# Records for this exercise
....................
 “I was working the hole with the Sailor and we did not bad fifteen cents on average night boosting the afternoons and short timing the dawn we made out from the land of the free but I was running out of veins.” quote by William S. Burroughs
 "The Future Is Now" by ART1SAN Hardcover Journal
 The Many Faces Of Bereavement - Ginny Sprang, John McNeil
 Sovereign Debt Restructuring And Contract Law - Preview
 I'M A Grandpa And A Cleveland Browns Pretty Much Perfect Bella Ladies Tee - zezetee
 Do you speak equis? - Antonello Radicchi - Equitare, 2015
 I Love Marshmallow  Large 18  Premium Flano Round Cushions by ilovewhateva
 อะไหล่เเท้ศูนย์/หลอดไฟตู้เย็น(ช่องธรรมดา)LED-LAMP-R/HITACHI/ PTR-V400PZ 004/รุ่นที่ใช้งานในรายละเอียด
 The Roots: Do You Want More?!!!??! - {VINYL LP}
....................
# Exercise instructions
Give the material again, complete and unaltered.

# Final answer
 “I was working the hole with the Sailor and we did not bad fifteen cents on average night boosting the afternoons and short timing the dawn we made out from the land of the free but I was running out of veins.” quote by William S. Burroughs
 "The Future Is Now" by ART1SAN Hardcover Journal
 The Many Faces Of Bereavement - Ginny Sprang, John McNeil
 Sovereign Debt Restructuring And Contract Law - Preview
 I'M A Grandpa And A Cleveland Browns Pretty Much Perfect Bella Ladies Tee - zezetee
 Do you speak equis? - Antonello Radicchi - Equitare, 2015
 I Love Marshmallow  Large 18  Premium Flano Round Cushions by ilovewhateva
 อะไหล่เเท้ศูนย์/หลอดไฟตู้เย็น(ช่องธรรมดา)LED-LAMP-R/HITACHI/ PTR-V400PZ 004/รุ่นที่ใช้งานในรายละเอียด
 The Roots: Do You Want More?!!!??! - {VINYL LP}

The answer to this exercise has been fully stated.